#### [Try it]
In the entries below, find the line containing "Clothing & Accessories", then copy it and every later line exactly, ending with the last line.

Material provided Block Start

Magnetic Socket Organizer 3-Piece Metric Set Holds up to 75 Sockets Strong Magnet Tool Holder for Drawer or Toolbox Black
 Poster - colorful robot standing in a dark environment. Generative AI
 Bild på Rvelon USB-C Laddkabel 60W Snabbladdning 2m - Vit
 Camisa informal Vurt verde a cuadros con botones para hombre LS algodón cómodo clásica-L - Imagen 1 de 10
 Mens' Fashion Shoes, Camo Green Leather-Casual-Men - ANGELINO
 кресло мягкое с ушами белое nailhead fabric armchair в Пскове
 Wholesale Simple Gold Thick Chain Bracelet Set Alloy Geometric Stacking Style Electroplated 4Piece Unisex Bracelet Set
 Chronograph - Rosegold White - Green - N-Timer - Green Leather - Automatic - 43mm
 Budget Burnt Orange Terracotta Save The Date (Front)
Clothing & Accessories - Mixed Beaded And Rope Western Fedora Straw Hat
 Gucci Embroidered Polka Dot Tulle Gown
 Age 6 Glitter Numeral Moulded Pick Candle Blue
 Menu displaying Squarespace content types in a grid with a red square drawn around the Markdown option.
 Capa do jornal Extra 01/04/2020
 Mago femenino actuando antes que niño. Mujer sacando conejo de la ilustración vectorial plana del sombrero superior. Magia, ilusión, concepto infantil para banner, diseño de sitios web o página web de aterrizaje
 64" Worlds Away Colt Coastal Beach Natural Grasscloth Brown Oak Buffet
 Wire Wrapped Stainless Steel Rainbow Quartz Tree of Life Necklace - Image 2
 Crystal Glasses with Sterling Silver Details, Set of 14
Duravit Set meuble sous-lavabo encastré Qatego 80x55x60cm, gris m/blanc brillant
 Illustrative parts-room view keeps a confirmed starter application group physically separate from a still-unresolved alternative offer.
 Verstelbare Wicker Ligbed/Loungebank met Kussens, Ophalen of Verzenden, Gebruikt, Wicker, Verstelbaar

Material provided Block End

#### [Answer to this exercise]
Clothing & Accessories - Mixed Beaded And Rope Western Fedora Straw Hat
 Gucci Embroidered Polka Dot Tulle Gown
 Age 6 Glitter Numeral Moulded Pick Candle Blue
 Menu displaying Squarespace content types in a grid with a red square drawn around the Markdown option.
 Capa do jornal Extra 01/04/2020
 Mago femenino actuando antes que niño. Mujer sacando conejo de la ilustración vectorial plana del sombrero superior. Magia, ilusión, concepto infantil para banner, diseño de sitios web o página web de aterrizaje
 64" Worlds Away Colt Coastal Beach Natural Grasscloth Brown Oak Buffet
 Wire Wrapped Stainless Steel Rainbow Quartz Tree of Life Necklace - Image 2
 Crystal Glasses with Sterling Silver Details, Set of 14
Duravit Set meuble sous-lavabo encastré Qatego 80x55x60cm, gris m/blanc brillant
 Illustrative parts-room view keeps a confirmed starter application group physically separate from a still-unresolved alternative offer.
 Verstelbare Wicker Ligbed/Loungebank met Kussens, Ophalen of Verzenden, Gebruikt, Wicker, Verstelbaar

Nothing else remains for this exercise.